I personally can see two categorical issues with this: One is the timing of the program and the other is the result.

As a teacher who had had a reading short-course and a few years ago had taken a reading evaluation training, I learned that timing for an actual evaluation is essentially the bread and butter for a successful reading program. As per the same classroom procedure, reading should first be evaluated during the start of the school year, preferably at the first two months. It is like conducting an actual scholastic pre-test with the goal of understanding the current state and capacity of the learners. There, the pertinent results are gathered and should underwent some profiling to identify the strengths and weaknesses of the readers thereby formulating the necessary individualized program to be schemed in the next six months.

Coming out from the individualized program should be an improved version of a reader like a 4.4 Kitkat upgraded from 2.3 Gingerbread (That's tech-speak for Android devices you probably carry inside your pockets right now).

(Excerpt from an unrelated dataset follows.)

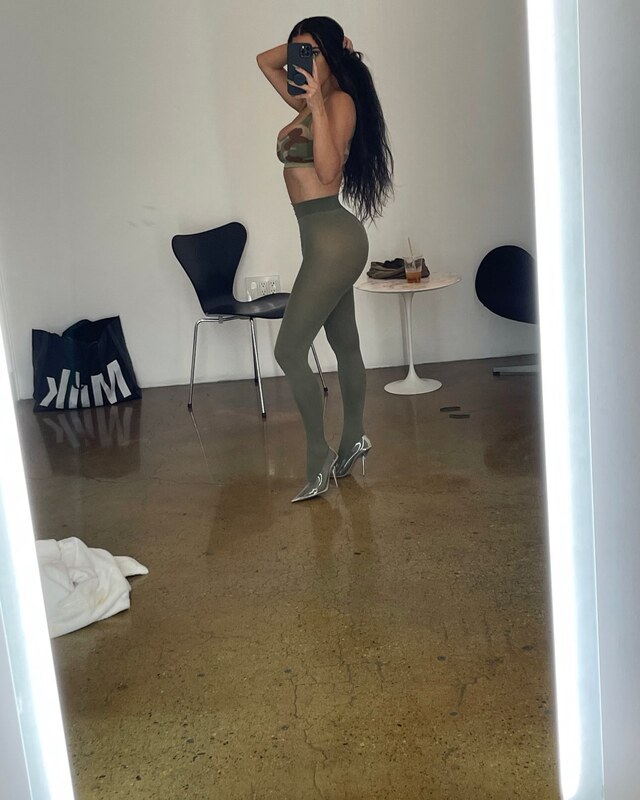 Kim Kardashian nude photo 2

The discrepancy may not be too obvious but the actual difference under the hood could really be enormous. Here, six months of actual reading program can really spell the difference between life and death. Even the popular Kumon which utilizes standardized procedure takes time to make an appeal. How much more in our public school system? The results can then be extracted by applying the post reading evaluation to gauge the development the reader has scaled, comparing each and coming up with a detailed account of improvements. This post evaluation is supposed to be a couple of months before the school year ends.

Equally, from those two observations, I saw two loopholes: First is the failure to hold a properly-timed preparatory evaluation at the beginning of the school year. Second is the veracity of the results when failing to conduct the first criteria.

These two were never put into consideration in our recent reading evaluation. In our case at the Rizal Central School, the pre-evaluation was conducted first in February 2 by each classroom adviser and the post-evaluation immediately the next day by some school administrators. It was too bad to have it immediately cut short when the administrators were summoned by the district supervisor Plerida Payawal on the thick of the evaluation for reasons only them and a few others actually know. It was eventually resumed exactly a week after on February 10.

Questions now linger as to the conclusion of everything that has taken place since the actual evaluation date. With only a couple weeks left before we reach the penultimate and final stretch of March 2015, what fate lies ahead of our five Non-readers and a good number of Poor readers who were deprived of a chance to experience a realistic reading program? Will they be given a chance to march for graduation or not is a straight question that only the people behind the recent reading evaluation as well as those who have prior know-how of the event can uncompromisingly answer.